From the beginning, reading “Infinite Jest”, I’ve been fascinated by David Foster Wallace’s use of the phrase, “ eliminate his/her/your map” to refer to death. At first it seemed like a kind of slang- the obscure phrase that a particular in-group will use to define themselves with private language. But the more I thought of it, particularly in relation to all of the brain science I’ve read, the more it seemed like he had struck upon the one truly unique feature of every human being’s individual self. From the beginning we create our own inner map of the world that includes not just all we’ve done and experienced but also how we feel about it. And what we recognize in our surroundings, spring from memories seen in the places of our lives, which clarify the meaning of the experience that’s conveyed by the feeling. We map not just where we are, but all we know in time and space. Since my father’s lost so much of his memory, I’ve found that when we do discover remembered areas it’s always in relation to places. Talking this week about weddings, he couldn’t remember my brother’s until I mentioned Hiss Avenue. The reception was in the back yard of my sister-in-law’s childhood home and given the scene Dad’s memory came drifting back to what a great guy her Dad was and the boat her brother Woody built and their fish pond. This place in his map still had its connection to the sights, sensations and feelings of his past experience and I could tell he enjoyed remembering and re-experiencing his connection to life. He got his mind moving by finding a way into his map.

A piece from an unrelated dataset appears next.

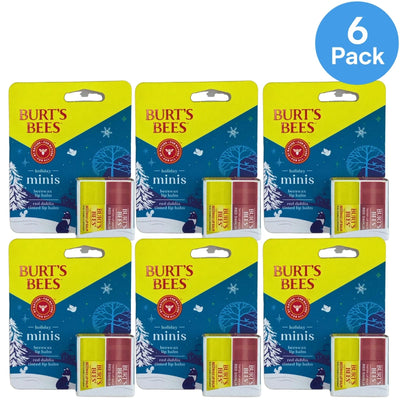 Burt's Bees Holiday Minis Beeswax & Red Dahlia Tinted Lip Balm 2 Ct 6 Pack Gift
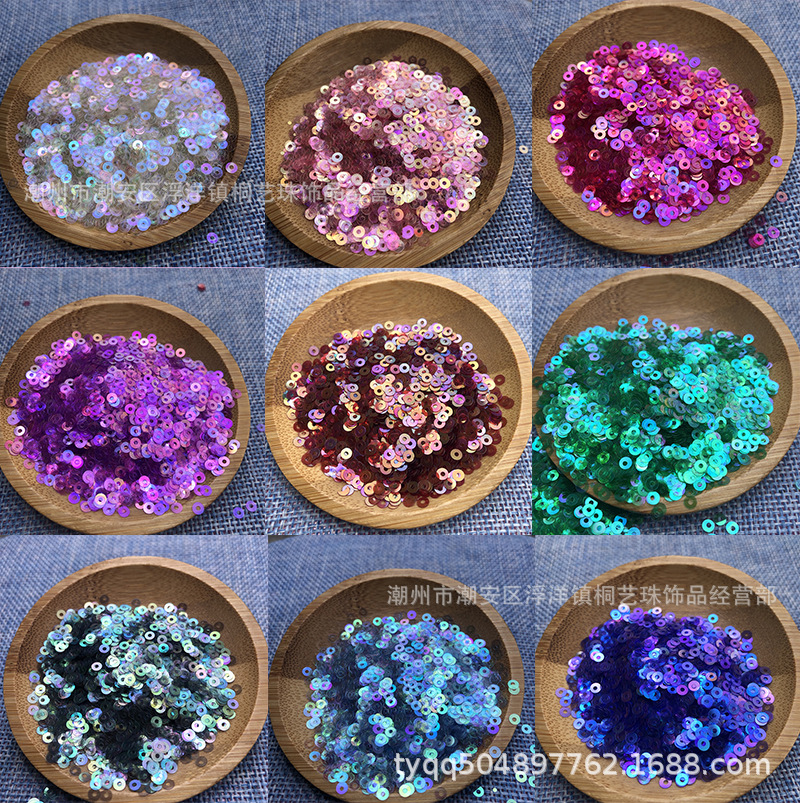 立体绣法式钩针刺绣耐高温PET透明彩亮片3MM/4MM平片手缝DIY材料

This map, primarily in the hippocampus, but riding up against the parietal lobes (where we are in space) on one side and the feeling centers on the other, establishes our sense of ourselves in space/time and personal meaning. Where we are forms the core of who we are. The brain is full of maps that correlate one kind of experience with another. The map is the hub of what we know, the hippocampus the trigger point of all the rich associations spread throughout the brain.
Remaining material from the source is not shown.